Austin-Travis County EMS using new software to combat drug overdoses

Austin-Travis County Chief Medical Officer Dr. Mark Escott says overdoses doubled in Austin in March. 

"Our base average is 60 (overdoses.) We saw 120 last month… In the past, we were seeing overdoses related to heroin use, narcotic use. Now that fentanyl is adulterating other things like pills, like crack cocaine, powder cocaine, as well as methamphetamine - we're seeing overdoses in all kinds of different substance use disorder patients," Escott explained. 

Austin-Travis County EMS uses Austin-based company ESO’s Electronic Health Record to track patient information. The software allows first responders and public health officials to track overdose outcomes and their location. 

"One of the challenges we have and in creating effective public policy is the data lives in different datasets and it doesn't talk to one another." said Escott, adding "ESO is starting to bridge some of that data together." 
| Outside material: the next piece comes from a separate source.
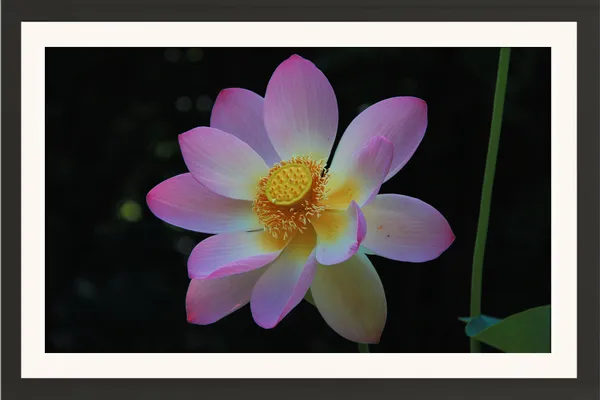 Lotus_Flower_on_Black_Background_Photo_Frame_Without_Glass_–_Pink_White_Lavender_Lotus_Pic_Wall_Art_for_Bedroom,_Study_&_Living_Room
Prior to EHR medics were not informed of patient outcome. 

"Imagine being a doctor and you diagnose your patient, but you never knew whether that was what was really wrong with them," said ESO Chief Product Officer Allen Johnson. 

Escott, says Austin-Travis County hopes to use EHR data to create a heat map "for where the hotspots of overdoses are, which helps us to drive public policy in the right spots."